Be the kind of owner you wish to attract.

You are owned, and loved by YOU! Rejoice! Enjoy this time! You own a fabulous, amazing person!




xxblushesxx -> RE: please (5/31/2009 10:09:25 AM)


quote:

ORIGINAL: DarkSteven

My condolences.

You grieve, you pick yourself up, and you trudge on.


Agreed. 

quote:

ORIGINAL: DarkSteven Chocolate and ice cream are optional.


Blasphemy!

They are imperative!!!




colouredin -> RE: please (5/31/2009 10:46:29 AM)


quote:

ORIGINAL: xxblushesxx

quote:

ORIGINAL: DarkSteven Chocolate and ice cream are optional.


Blasphemy!

They are imperative!!!



AND chick flicks lots of chick flicks preferably with hugh grant in them but that may just be me




KatyLied -> RE: please (5/31/2009 11:05:59 AM)

You grieve the relationship.  While in the relationship you take steps to maintain your life so that you are not lost when left alone.




AngelGeena -> RE: please (5/31/2009 11:30:21 AM)

quote:

ORIGINAL: dreamerdreaming

Remember that when you are no longer owned by another, ownership of of you reverts back to yourself.
 
Be the best owner for you, that you can.

Treat yourself well. Take care of yourself! Be a loving, sweet, attentive owner to yourself.

Be the kind of owner you wish to attract.

You are owned, and loved by YOU! Rejoice! Enjoy this time!
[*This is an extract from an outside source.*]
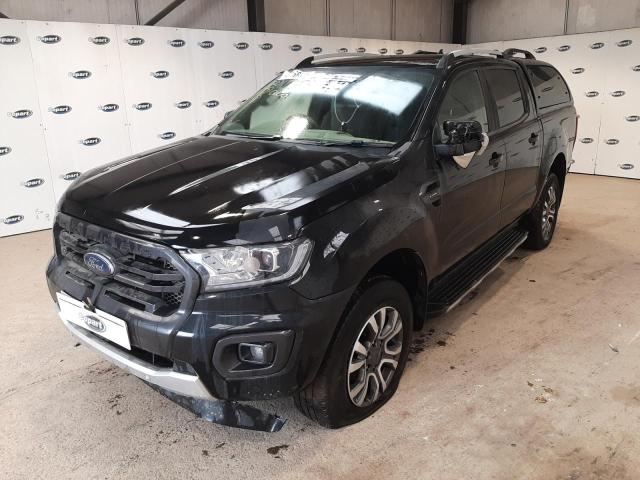 2022 FORD RANGER WIL for sale at Copart WOLVERHAMPTON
You own a fabulous, amazing person!


This is amazing...thank you for sharing it.  This has inspired me to look at myself and rethink things.  Being "unowned" can sometimes get me down, but this puts things in a new perspective.  [sm=yourock.gif]




dreamerdreaming -> RE: please (5/31/2009 2:34:55 PM)

*takes bow*

Actually I'm not the first to point it out here on these boards (if I had to guess I'd say maybe it was LuckyAlbatross, a couple of years ago) but it is worthwhile to bring it up every so often when a sub/slave is feeling the loss or lack of a dominant.

To reiterate:

For the OP, and all those of you who are currently not owned or controlled by another:

ENJOY owning yourself! Who else knows you better than you?!  Treasure your fabulous possession! Be the kind of loving, attentive owner that you deserve. Allow yourself to feel the joy that the owner of such a wonderful person deserves to feel.
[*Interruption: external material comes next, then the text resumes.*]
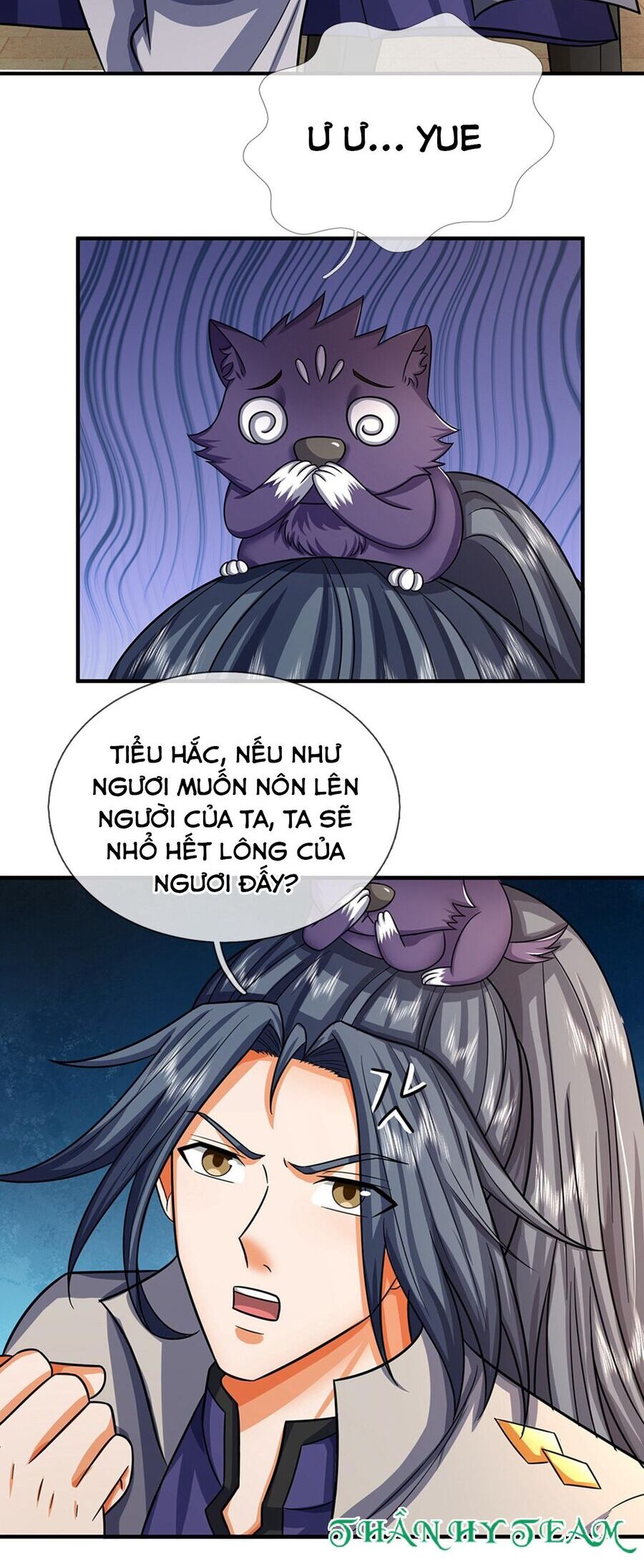 Thần Võ Thiên Tôn Chapter 725 - Trang 2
Celebrate this great opportunity to be the best owner you can, to the most amazing person: YOU!  [:D]



"Change your thoughts and you change your world."
                                                                           Norman Vincent Peale
                                                                           US clergyman (1898 - 1993)
"In the middle of difficulty lies opportunity."
                                                          -Albert Einstein





"Be the change you want to see in the world.”


                                                       [image]http://thinkexist.com/i/sq/as4.gif[/image] Mahatma Gandhi


When you own yourself, you have a huge opportunity! Savor the sweetness of this time in your life.


Edited to add this little nugget that I forgot to paste in above.

"Isn't it wonderful that none of us need wait a moment before starting to change the world."

Anne Frank (1929 - 1945)









califsue -> RE: please (5/31/2009 4:17:21 PM)

Awesome post dreamerdreaming. I think it is so easy to forget this and we are longing
for what we had or the dream of what could be.
 
Thanks for posting this as it is a great reminder and can be applied universally.